‘'Agak canggung': Bidonomics terbukti menantang dalam promosi di tengah inflasi yang semakin parah

Iklan

Joe Biden tampak murung pada minggu penutupan pencatatan sahamnya saat ia berdiri di depan jembatan yang kini telah direkonstruksi di Pittsburgh, Pennsylvania, dan mendesak para pemilih untuk tetap melanjutkan perayaan ulang tahun mereka dalam pemilihan paruh waktu bulan berikutnya.

“Bagi banyak keluarga, situasinya masih agak rumit,” akui presiden AS. “Namun, ada beberapa hal positif di mana AS kembali menegaskan posisinya, seperti di sini.”
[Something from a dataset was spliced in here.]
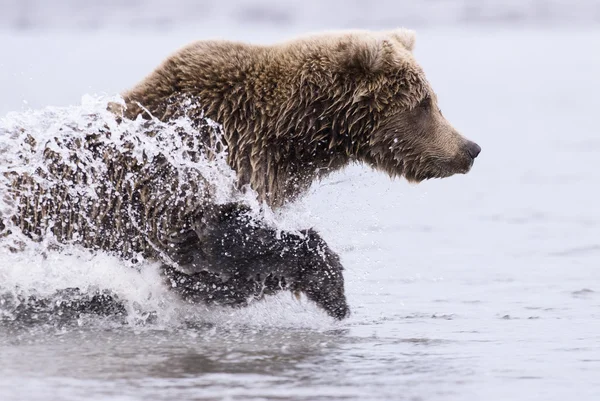 Ursus arctos costera corriendo — Stockfoto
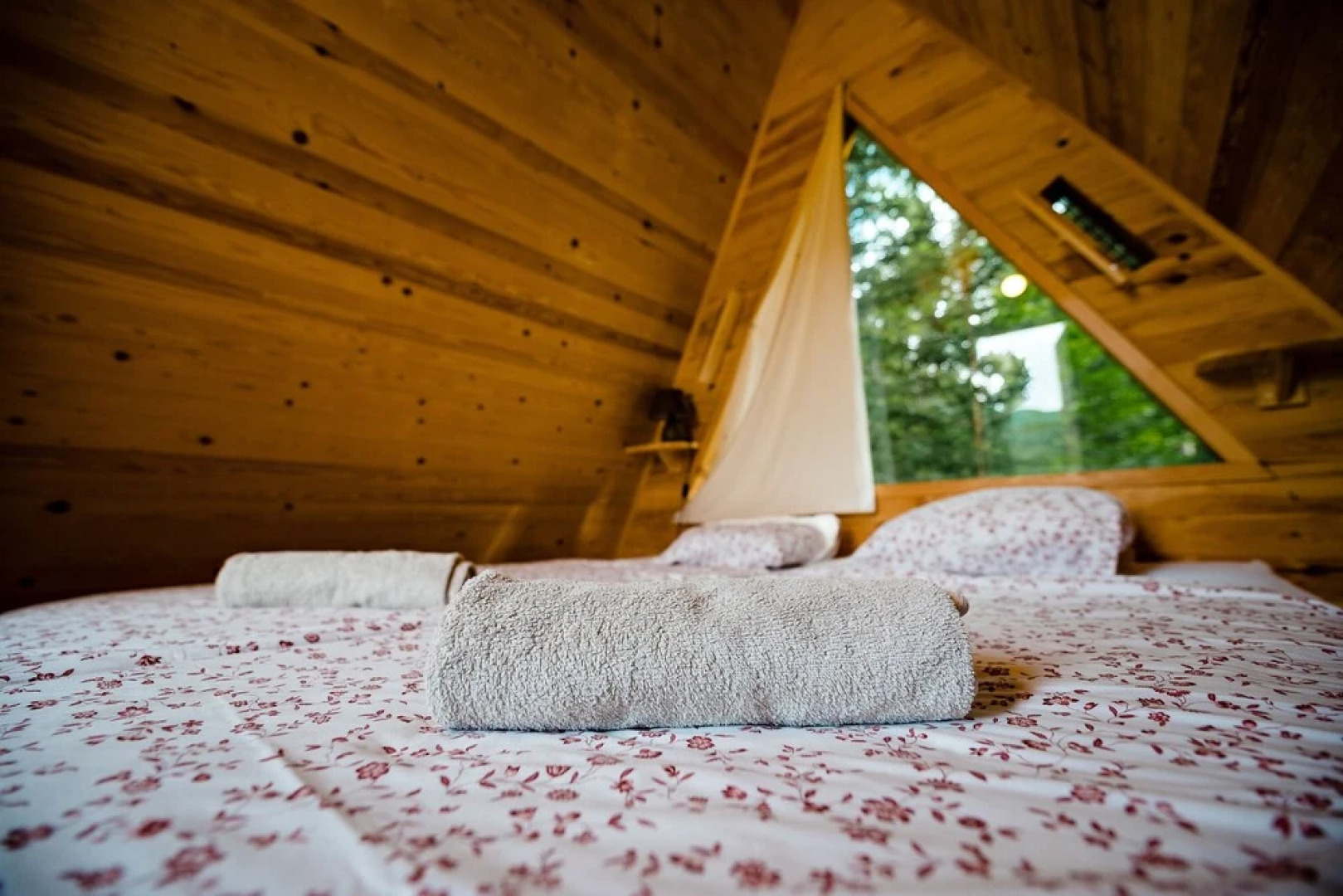 Glamping FOREST EDGE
Berdasarkan sebagian besar indikator pasar tenaga kerja, Biden tidak akan kesulitan mempertahankan agenda ekonominya, yang mencakup peningkatan besar dalam pengeluaran publik bersamaan dengan beban pajak yang lebih tinggi dan pengawasan yang lebih ketat terhadap perusahaan-perusahaan besar dan makmur.

Di bawah pengawasan ketat Partai Demokrat, berdasarkan data Januari 2021, solusi tersebut menciptakan 10 juta lapangan kerja dan biaya pengangguran turun menjadi 3,51 TP3T.

Namun, inflasi yang terus-menerus berlebihan selama berbulan-bulan – dengan harga bagi konsumen yang masih terus naik dengan biaya tahunan sebesar 8,21 TP3T pada bulan September – membuat "Bidenomics" hampir tidak mungkin tercapai dalam kampanye penjualan.

Menurut survei yang dilakukan oleh RealClearPolitics, 57,9 persen warga Amerika tidak setuju dengan penanganan sistem keuangan oleh Biden, sementara hanya 38,9 persen yang setuju, sebuah kelemahan utama yang membuat Partai Demokrat memiliki kemungkinan besar untuk kehilangan kendali atas Dewan Perwakilan Rakyat dan mungkin juga Senat.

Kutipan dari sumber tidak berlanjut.